- [RECORDS SHOWN]:

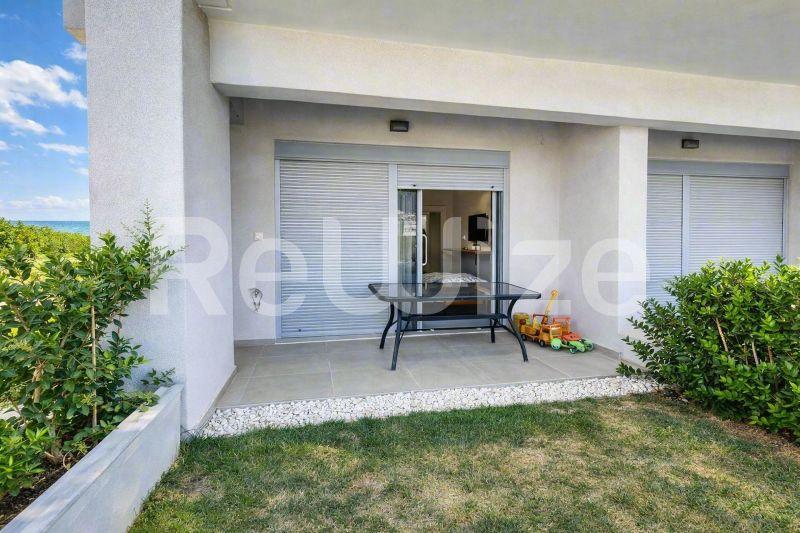 Photo 12,,SALE,Residency,Apartment,28sqm,€115,000,Nikiti
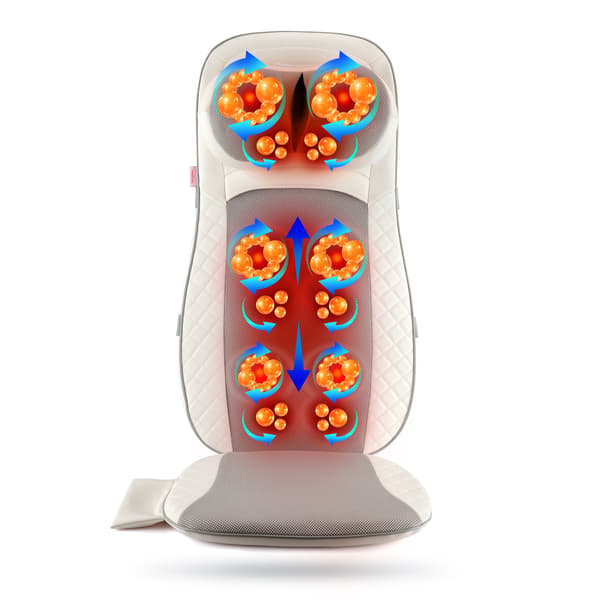 Medivon Luna massagematta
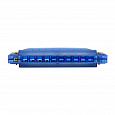 Cascha HH-2275 Fun Blues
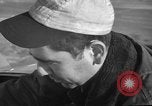 Image of B-47 Stratojet United Kingdom, 1953, second 61 stock footage video 65675068772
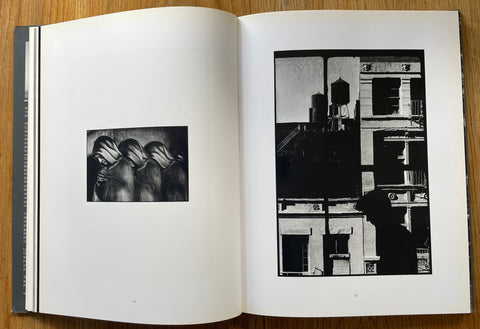 Famouz: Photographs 1975-88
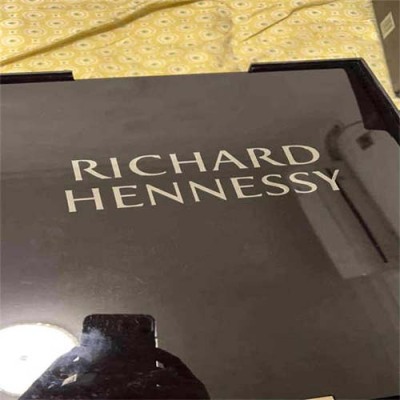 南岗区长期路易十三酒瓶回收店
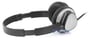 Creative HITZ MA2300 - Black Image 6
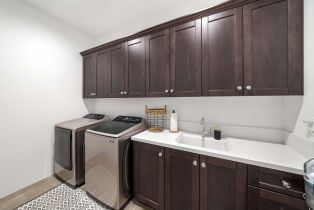 Single Family Residence, 81860 Andalusia, La Quinta, CA 92253 - 53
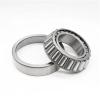 Tapered Roller Bearing, Wheel Bearing, 48548/10, 34.925 × 65.088 × 18.034 (18.288) mm view 4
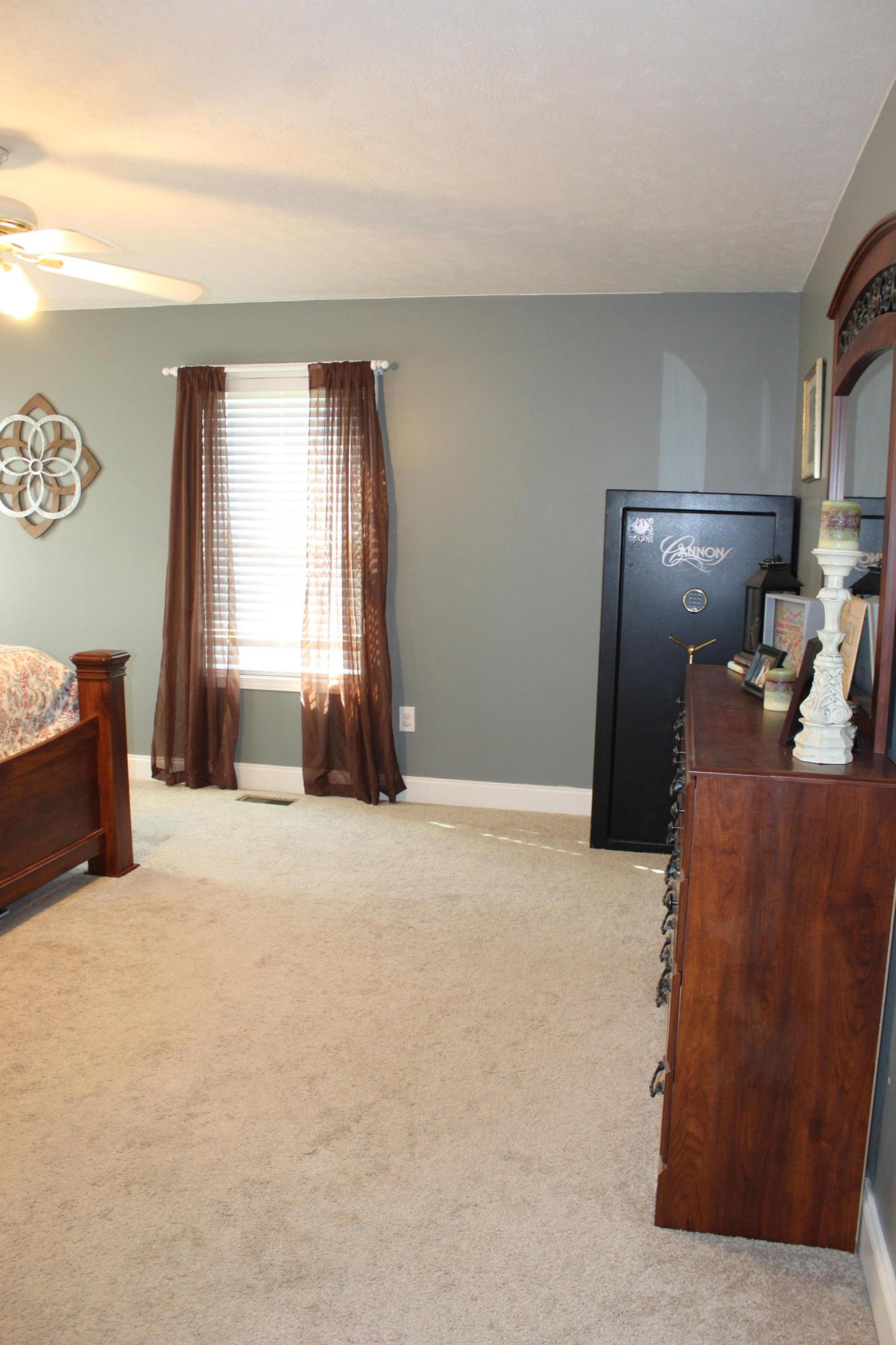 2617 Tater Valley Road Washburn, TN 37888 - Photo 23 of 40 IMG_1934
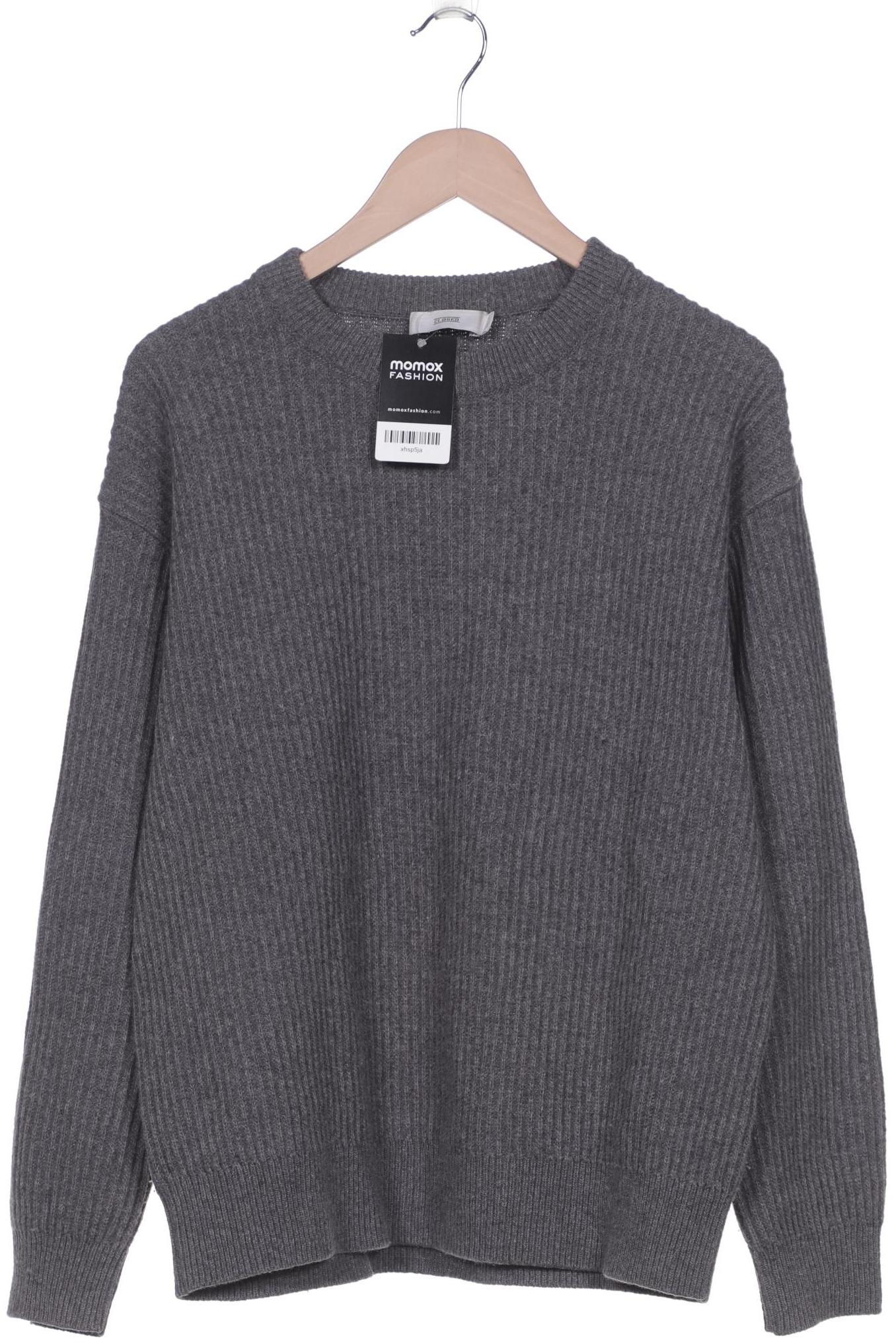 

Closed Herren Pullover, grau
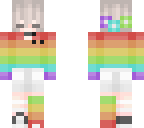 vwv 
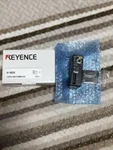 Keyence IV-HG15. Fixed Price $561.70.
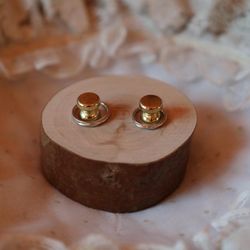 ジェネラス軽井沢の写真14枚目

- [PROBLEM REQUIREMENTS]: Reproduce the listing above only between the lines holding "Cascha HH-2275 Fun Blues" and "Tapered Roller Bearing, Wheel", inclusive. Every line must match exactly, and pictures are dropped.

- [TASK OUTPUT]:
 Cascha HH-2275 Fun Blues
 Image of B-47 Stratojet United Kingdom, 1953, second 61 stock footage video 65675068772
 Famouz: Photographs 1975-88
 南岗区长期路易十三酒瓶回收店
 Creative HITZ MA2300 - Black Image 6
 Single Family Residence, 81860 Andalusia, La Quinta, CA 92253 - 53
 Tapered Roller Bearing, Wheel Bearing, 48548/10, 34.925 × 65.088 × 18.034 (18.288) mm view 4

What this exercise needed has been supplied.